### [Task brief]
Starting at the line that contains "Uomo d'affari sicuro", write out each line exactly through the last one in the material below, and nothing more; omit all pictures.

### [Data for the task]
<<<<
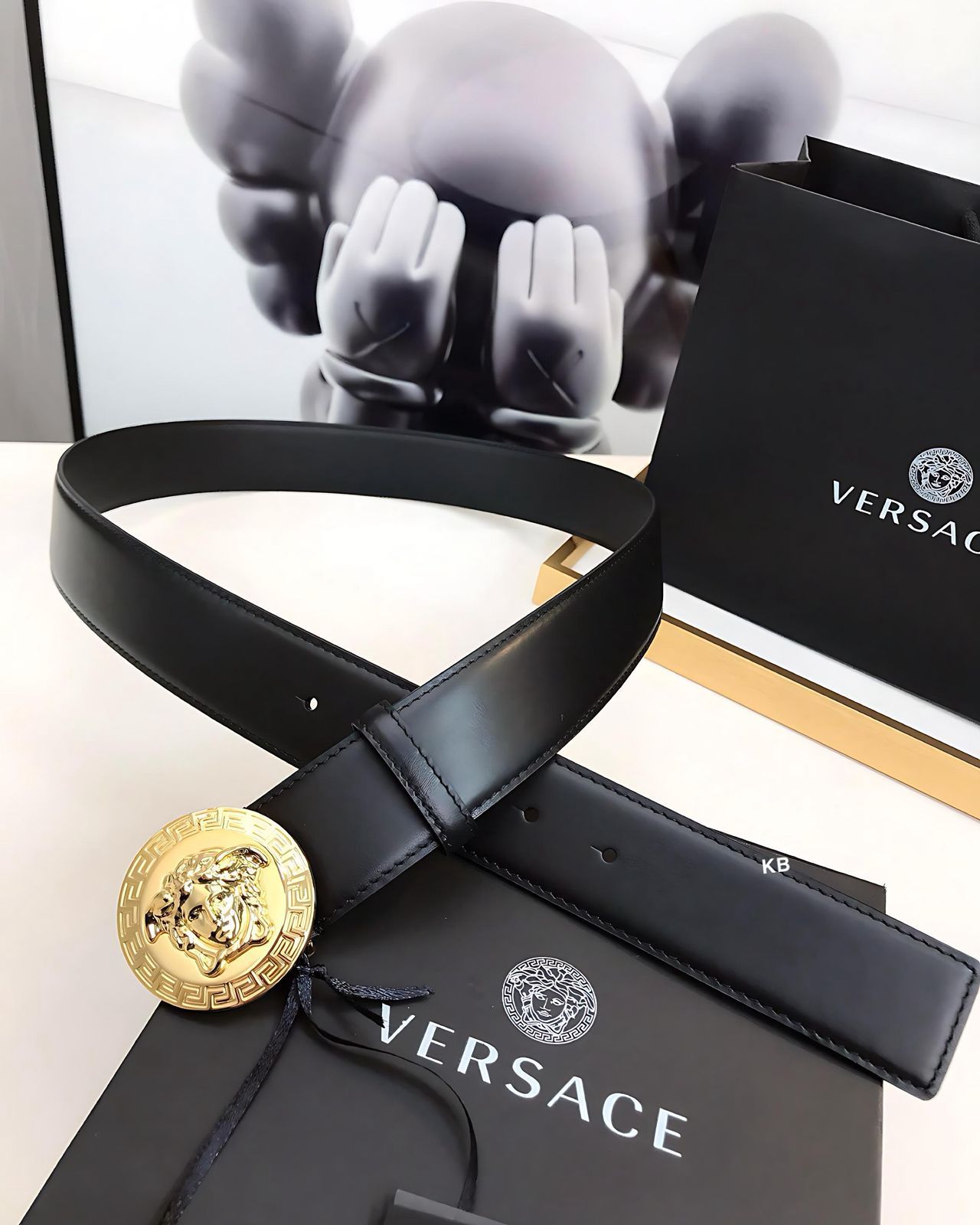 Luxury Leather Belt with Iconic Buckle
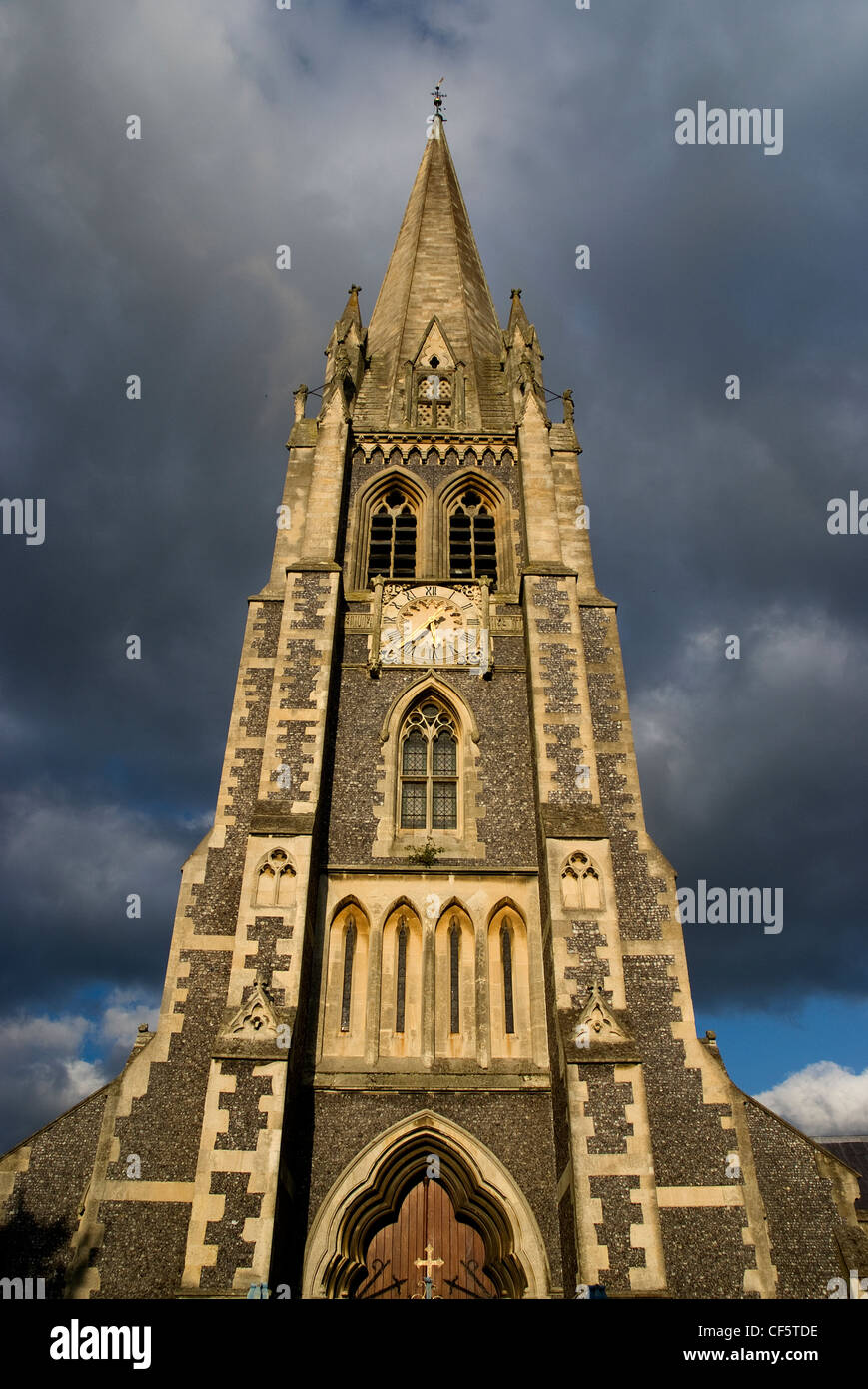 La haute flèche de l'église de style gothique victorien de St Martin à Dorking. Banque D'Images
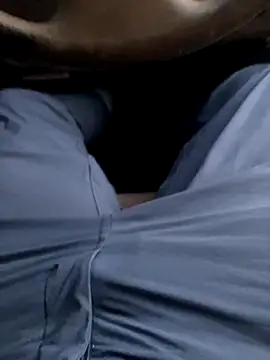 Snapshot of prekumstud chatting on September 2025 01:44:02 PM prekumstud online show from September 2025 01:44:02 PM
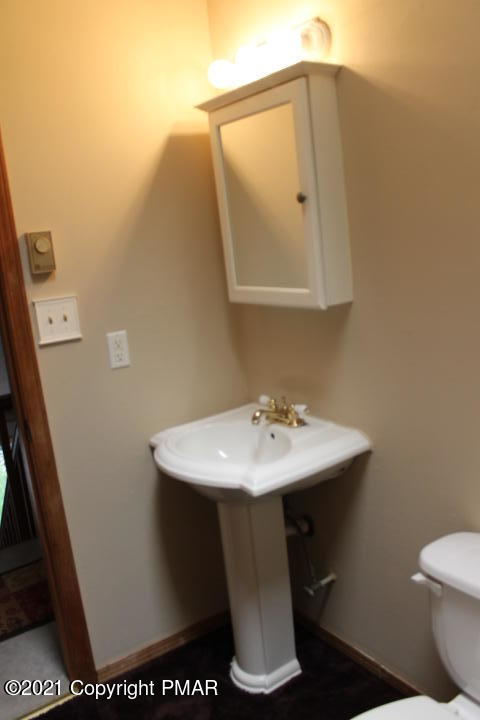 709 Edgewood Road Tobyhanna, PA 18466 - Photo 34 of 55 a bathroom with a sink a mirror and toilet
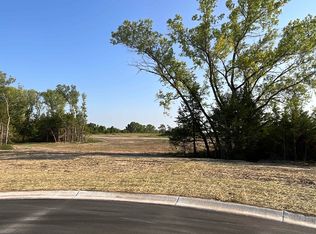 95 W Bluelake Ct #D, Wichita, KS 67215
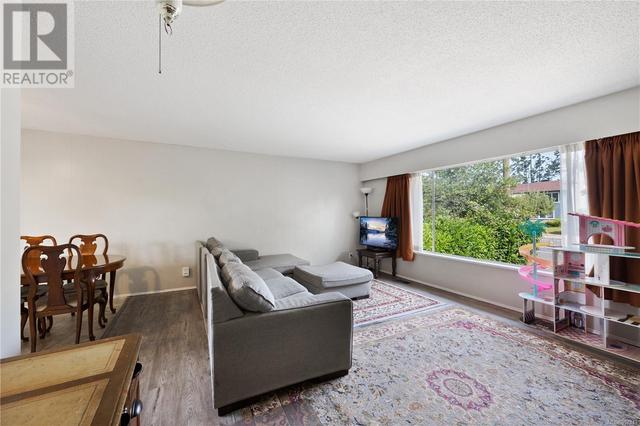 1841 Robb Ave, House detached with 4 bedrooms, 2 bathrooms and 3 parking in Comox BC | Image 3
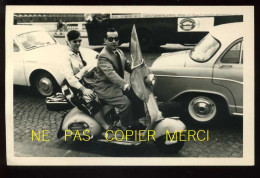 SCOOTER - PARIS AOUT 1958 - FORMAT 14 X 9 CM - Auto's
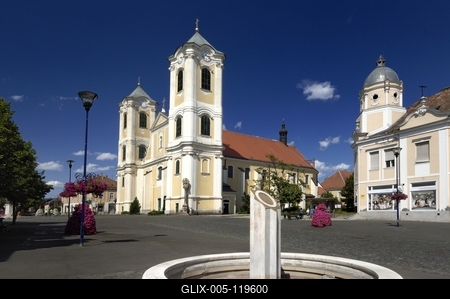 Gyöngyös belvárosa és a Szent Bertalan templom-stock-foto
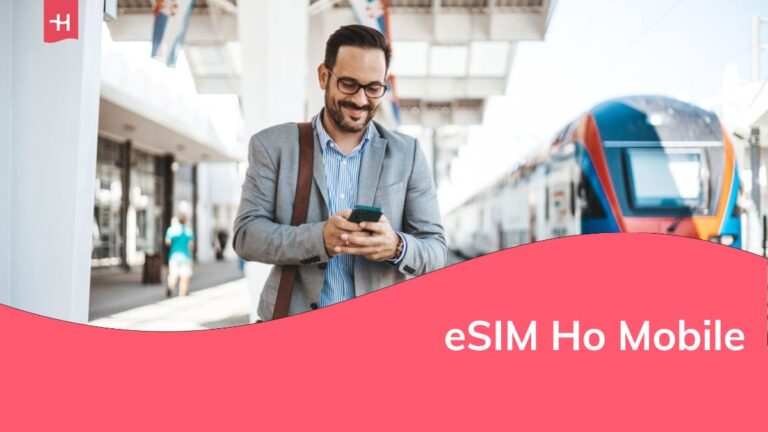 Uomo d'affari sicuro di sé che parla al cellulare mentre cammina fuori dalla stazione ferroviaria con una valigia.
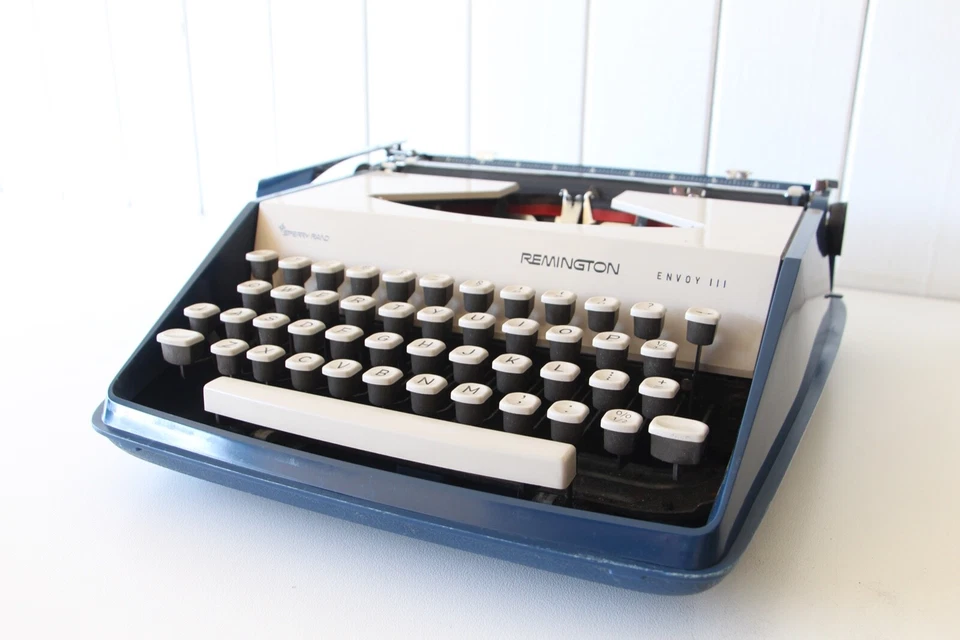 Typewriter - REMINGTON ENVOY III ***** Blue ***** Full working order ***** - Image 2 of 4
>>>>
### [Task result]
 Uomo d'affari sicuro di sé che parla al cellulare mentre cammina fuori dalla stazione ferroviaria con una valigia.
 Typewriter - REMINGTON ENVOY III ***** Blue ***** Full working order ***** - Image 2 of 4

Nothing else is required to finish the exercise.